- 2,283
- 3
honestrosewater said:If observables exist in a pure Life world, then qualia exist in a pure Life world, since, acc. to D4, qualia are observables.
Claiming that qualia are observables does not imply that all observables are qualia.
I don't see how he can deny that information and instruments also exist in impure worlds.
He doesn't deny that.
If qualitative contents don't exist in pure worlds, either qualitative contents are a special type of information or we are a special type of instrument or both.
You are right to point out that Rosenberg will need to explain what it is that differentiates the causal aspects of subjective experience from the causal aspects that are understood to belong to 'pure' physical systems. We won't get there for a while, though, as it will take most of the rest of the book to build up to the point where we do have such a causal theory of subjective experience (or at least the outlines of such a theory).
Perhaps I've made a mess of things, but it's because I can't see what is so special about qualitative contents. If it's that qualitative contents are a type of information that can't be derived from other types of information (and, furthermore, a particular qualitative content can't even be derived from other information of the same type), that leads me back to the processing of information which is presumably identical in both pure and impure worlds, especially in both humans and zombies.
Is it that you fail to see any relevance or force to the antiphysicalist argument in itself, or is it that you find the implications of accepting the argument to just lead to even more problems?

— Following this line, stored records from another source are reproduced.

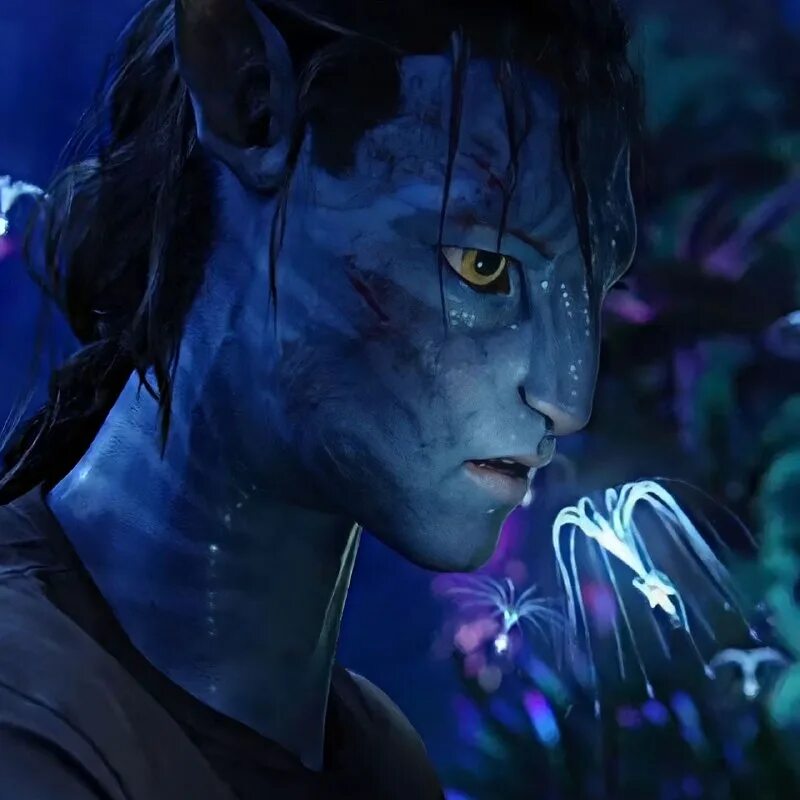 Avatar 50 50. Аватара» Джеймса Кэмерона.. Аватар Кэмерон. Джеймс Кэмерон / «аватар» (2009). Джеймс аватар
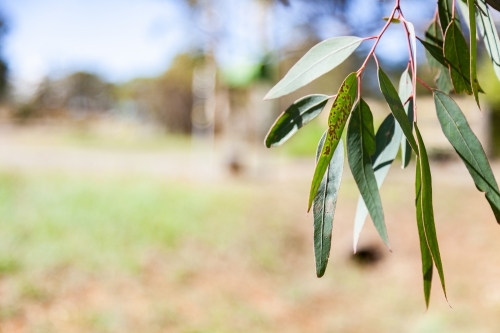 Thin silver blue gum leaves hanging from tree - Australian Stock Image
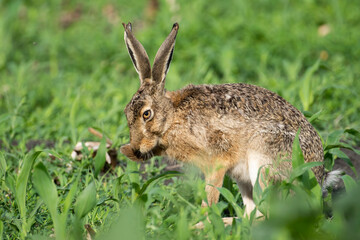 Fototapeta premium Wild rabbit in the field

If it's the latter, then you're not alone. Thinking about consciousness seems to inevitably put us on that carousel. If we accept the antiphysicalist argument and accept the causal closure of physics, we seem to have no room left for p-consciousness to play any causal role, and we wind up with an unsatisfying epiphenomenalism. What makes this book original is that it proposes a new way to escape this quandary, but it will take some work to get there. You can view the rest of the book partially as an effort to answer to the concerns you voice here.